Há quase cem anos que o idoso estava a caminhar. Ele tinha atravessado a infância, a juventude, mil alegrias e dores, mil esperanças e cansaços.  Mulheres, crianças, países, sóis povoavam ainda a sua memória. Ele os tinha amado. Eles estavam agora atrás dele, distantes, quase apagados. Nenhum o tinha seguido até aquele fim de mundo onde ele tinha chegado. Ele estava sozinho agora em frente ao vasto oceano. À beira das ondas ele fitou o alto e se voltou. Na areia que se perdia nas brumas infinitas, marcou então as pegadas dos seus passos. Cada um era um dia de sua longa existência. Ele os reconheceu a todos, os tropeções, os passos difíceis, os desvios e os degraus felizes e infelizes. Ele os contabilizava. Nem um só faltava. Lembrou-se, sorriu ao caminho da sua vida. Como ele se desviava para entrar na água escura que molhava suas sandálias, ele, de repente, hesitou . Pareceu-lhe ver ao lado dos seus passos algo estranho. De novo, ele olhou. Na verdade, ele não tinha caminhado sozinho. Outras pegadas, ao longo da sua estrada, iam junto das suas.  Ele não tinha nenhuma lembrança de uma presença tão próxima e fiel. Ele se perguntou quem o tinha acompanhado. Uma voz familiar e sem rosto lhe respondeu: “sou eu”. Ele reconheceu o seu próprio antepassado, o primeiro pai da longa linhagem de homens que lhe tinham dado a vida, aquele que se chamava de Deus. Lembrou-se que no momento do seu nascimento este pai de todos os pais lhe prometeu que nunca o abandonaria. Ele sentiu uma alegria antiga e agora renovada, subir em seu coração . Ele nunca tinha experimentado algo semelhante desde à infância; estava ainda a olhar. Então, de muito longe, viu na longa vida algumas pegadas paralelas  mais estreitas. Em alguns dias de sua vida, o traço era único. Lembrou-se destes dias. Como é que os teria esquecido? Foram os mais terríveis, os mais desesperados. Ao lembrar dessas horas miseráveis entre todas onde ele tinha pensado que não havia pena nem no céu nem na terra, ele se sentiu de repente amargo, melancólico.

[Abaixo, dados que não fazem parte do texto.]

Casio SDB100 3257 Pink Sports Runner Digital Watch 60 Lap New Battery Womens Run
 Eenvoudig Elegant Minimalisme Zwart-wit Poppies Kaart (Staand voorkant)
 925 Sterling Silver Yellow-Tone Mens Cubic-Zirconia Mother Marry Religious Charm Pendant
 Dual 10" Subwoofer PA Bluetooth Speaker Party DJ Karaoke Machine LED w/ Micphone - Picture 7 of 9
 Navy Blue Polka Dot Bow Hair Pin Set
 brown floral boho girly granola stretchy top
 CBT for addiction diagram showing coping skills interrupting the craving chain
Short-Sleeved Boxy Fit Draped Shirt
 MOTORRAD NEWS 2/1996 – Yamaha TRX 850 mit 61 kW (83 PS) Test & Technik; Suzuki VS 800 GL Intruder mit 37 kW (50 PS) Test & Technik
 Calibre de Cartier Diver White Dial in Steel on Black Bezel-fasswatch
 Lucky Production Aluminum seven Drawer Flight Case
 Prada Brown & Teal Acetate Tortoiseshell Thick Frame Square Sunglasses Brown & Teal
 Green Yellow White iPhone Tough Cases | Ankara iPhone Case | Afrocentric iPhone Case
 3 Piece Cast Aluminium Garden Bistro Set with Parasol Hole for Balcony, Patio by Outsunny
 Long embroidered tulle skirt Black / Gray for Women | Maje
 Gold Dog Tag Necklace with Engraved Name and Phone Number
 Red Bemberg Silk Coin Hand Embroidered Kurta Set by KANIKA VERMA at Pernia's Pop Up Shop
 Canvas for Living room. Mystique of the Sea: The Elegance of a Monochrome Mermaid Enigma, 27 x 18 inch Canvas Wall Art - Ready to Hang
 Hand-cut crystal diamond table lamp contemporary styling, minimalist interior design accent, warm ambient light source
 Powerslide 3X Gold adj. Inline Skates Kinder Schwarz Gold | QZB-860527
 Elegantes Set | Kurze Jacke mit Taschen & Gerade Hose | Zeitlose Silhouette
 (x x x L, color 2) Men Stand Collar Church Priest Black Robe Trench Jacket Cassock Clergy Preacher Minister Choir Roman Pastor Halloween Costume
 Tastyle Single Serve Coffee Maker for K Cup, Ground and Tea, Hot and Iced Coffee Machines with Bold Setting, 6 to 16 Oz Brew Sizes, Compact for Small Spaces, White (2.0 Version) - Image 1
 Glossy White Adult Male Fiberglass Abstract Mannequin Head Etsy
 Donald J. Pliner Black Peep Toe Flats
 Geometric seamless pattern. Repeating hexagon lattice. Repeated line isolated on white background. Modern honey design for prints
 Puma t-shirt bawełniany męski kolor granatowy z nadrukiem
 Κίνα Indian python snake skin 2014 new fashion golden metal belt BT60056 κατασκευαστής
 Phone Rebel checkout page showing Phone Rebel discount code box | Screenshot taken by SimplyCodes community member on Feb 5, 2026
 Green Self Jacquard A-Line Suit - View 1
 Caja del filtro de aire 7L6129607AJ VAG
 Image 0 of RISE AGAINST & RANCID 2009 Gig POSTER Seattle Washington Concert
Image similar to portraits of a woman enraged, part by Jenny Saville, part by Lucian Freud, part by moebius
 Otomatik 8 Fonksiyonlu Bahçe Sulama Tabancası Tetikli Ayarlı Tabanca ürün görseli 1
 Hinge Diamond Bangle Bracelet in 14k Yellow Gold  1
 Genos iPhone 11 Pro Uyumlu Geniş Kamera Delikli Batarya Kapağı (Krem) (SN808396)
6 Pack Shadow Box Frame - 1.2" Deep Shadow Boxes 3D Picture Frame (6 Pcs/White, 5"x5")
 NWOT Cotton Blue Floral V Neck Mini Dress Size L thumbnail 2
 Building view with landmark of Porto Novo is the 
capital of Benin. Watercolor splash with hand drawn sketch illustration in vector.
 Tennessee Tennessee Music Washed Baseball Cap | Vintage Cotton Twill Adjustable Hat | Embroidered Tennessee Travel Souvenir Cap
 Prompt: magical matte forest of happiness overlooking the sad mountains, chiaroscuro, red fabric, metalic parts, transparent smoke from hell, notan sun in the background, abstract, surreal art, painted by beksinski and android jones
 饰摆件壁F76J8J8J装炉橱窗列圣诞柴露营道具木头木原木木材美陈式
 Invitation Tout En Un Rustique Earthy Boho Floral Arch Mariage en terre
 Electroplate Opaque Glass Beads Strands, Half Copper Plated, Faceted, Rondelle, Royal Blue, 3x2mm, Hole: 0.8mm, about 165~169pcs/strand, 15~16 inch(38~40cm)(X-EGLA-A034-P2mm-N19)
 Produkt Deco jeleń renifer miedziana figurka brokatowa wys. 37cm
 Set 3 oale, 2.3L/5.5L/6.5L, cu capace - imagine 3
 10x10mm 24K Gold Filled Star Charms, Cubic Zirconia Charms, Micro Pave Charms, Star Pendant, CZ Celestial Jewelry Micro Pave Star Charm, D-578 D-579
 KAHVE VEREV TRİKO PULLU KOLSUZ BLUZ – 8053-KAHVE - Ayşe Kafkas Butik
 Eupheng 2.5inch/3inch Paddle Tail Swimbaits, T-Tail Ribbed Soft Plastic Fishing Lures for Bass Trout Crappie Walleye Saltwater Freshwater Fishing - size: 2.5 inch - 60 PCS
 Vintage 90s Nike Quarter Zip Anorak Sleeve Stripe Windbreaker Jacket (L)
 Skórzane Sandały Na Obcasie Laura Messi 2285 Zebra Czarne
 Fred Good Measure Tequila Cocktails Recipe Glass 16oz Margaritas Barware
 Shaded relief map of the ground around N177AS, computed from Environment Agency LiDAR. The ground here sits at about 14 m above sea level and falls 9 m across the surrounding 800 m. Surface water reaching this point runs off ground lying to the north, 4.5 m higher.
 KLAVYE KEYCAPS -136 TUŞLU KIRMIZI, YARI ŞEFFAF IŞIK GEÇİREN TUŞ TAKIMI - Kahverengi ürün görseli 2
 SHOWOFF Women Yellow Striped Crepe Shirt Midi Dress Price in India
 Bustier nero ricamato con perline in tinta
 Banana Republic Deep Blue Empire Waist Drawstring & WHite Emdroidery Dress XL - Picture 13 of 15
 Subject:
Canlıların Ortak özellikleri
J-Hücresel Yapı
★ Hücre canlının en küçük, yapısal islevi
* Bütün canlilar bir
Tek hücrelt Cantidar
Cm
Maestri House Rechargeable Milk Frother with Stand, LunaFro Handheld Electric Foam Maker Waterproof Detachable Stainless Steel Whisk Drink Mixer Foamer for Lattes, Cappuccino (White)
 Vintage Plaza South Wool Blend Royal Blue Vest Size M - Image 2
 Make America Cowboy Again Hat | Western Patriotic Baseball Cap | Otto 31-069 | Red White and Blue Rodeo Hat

 ” vê esses dias de desgraça, diz ele, eu andei sozinho. Onde você estava Senhor, quando eu chorava com a tua ausência?”

meu filho, meu amado, respondeu-lhe a voz, essas pegadas solitárias são as dos meus passos. Aqueles dias em que você acreditava estar só, abandonado de todos, eu estava lá, na sua estrada. Aqueles dias em que você chorava com a minha ausência, eu te usava.”